Feedback loop amplification: Model fine-tuned on its own outputs can amplify biases and reduce diversity. Mitigation: always include a ground-truth anchor (verified examples from humans), monitor output diversity metrics, never fine-tune exclusively on model-generated data.

Tool call error cascades: One failed tool call causes the agent to hallucinate downstream results rather than retry or escalate. Mitigation: explicit error handling in tool definitions, retry logic with backoff, agent should report uncertainty rather than fabricate results.

Cost / Latency

Input token cost >> output token cost for most providers (~3–5x). Long system prompts and large retrieved contexts dominate costs in RAG applications. Cache aggressively:

  • Exact cache: Hash of full prompt string → cached response. Effective for repeated FAQ-style queries.
  • Semantic cache: Embedding similarity search → cached response. 30–80% hit rate for FAQ workloads; near-zero for open-ended generation.
  • Prompt prefix cache: OpenAI and Anthropic both support automatic prefix caching for long system prompts — up to 90% discount on repeated prefix tokens. Structure prompts to keep the static prefix as long as possible.
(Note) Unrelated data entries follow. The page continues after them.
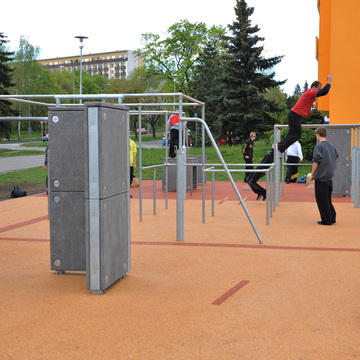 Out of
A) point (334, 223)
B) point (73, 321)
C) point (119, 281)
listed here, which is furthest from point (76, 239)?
point (334, 223)

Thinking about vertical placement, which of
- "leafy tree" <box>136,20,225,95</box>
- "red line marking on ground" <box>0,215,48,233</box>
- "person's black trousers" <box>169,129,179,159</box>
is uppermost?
"leafy tree" <box>136,20,225,95</box>

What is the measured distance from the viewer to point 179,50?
2336 inches

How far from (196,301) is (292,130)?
5701 millimetres

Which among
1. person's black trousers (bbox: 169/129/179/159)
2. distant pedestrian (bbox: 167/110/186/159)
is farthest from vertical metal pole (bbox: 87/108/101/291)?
person's black trousers (bbox: 169/129/179/159)

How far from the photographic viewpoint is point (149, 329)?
162 inches

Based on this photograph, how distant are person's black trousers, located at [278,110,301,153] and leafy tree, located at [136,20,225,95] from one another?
48699 millimetres

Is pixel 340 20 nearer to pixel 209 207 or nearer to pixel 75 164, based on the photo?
pixel 209 207

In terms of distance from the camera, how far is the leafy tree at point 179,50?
193 feet

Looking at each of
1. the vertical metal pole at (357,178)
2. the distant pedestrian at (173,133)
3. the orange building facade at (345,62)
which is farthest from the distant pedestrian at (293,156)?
the vertical metal pole at (357,178)

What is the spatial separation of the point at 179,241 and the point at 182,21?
177ft

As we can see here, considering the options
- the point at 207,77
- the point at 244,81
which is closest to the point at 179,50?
the point at 207,77

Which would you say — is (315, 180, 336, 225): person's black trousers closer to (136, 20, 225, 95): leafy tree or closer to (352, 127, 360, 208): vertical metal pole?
(352, 127, 360, 208): vertical metal pole

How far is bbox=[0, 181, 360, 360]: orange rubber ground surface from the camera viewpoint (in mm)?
3770

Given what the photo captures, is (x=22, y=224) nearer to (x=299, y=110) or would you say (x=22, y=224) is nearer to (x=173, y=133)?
(x=299, y=110)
Streaming: Start rendering output to the user as soon as the first token arrives. Reduces perceived latency dramatically even when total latency is unchanged. Required for any user-facing chatbot or copilot.

Model cost tiers (approximate 2025 pricing, input/output per 1M tokens):

  • Tier 1 (capable): GPT-4o ~15, Claude 3.5 Sonnet ~15
  • Tier 2 (balanced): GPT-4o-mini ~0.60, Claude Haiku ~1.25
  • Tier 3 (self-hosted): Llama-3-8B-Q4 on consumer GPU ~$0.005 equivalent

Route to the cheapest model that satisfies quality requirements for each request type.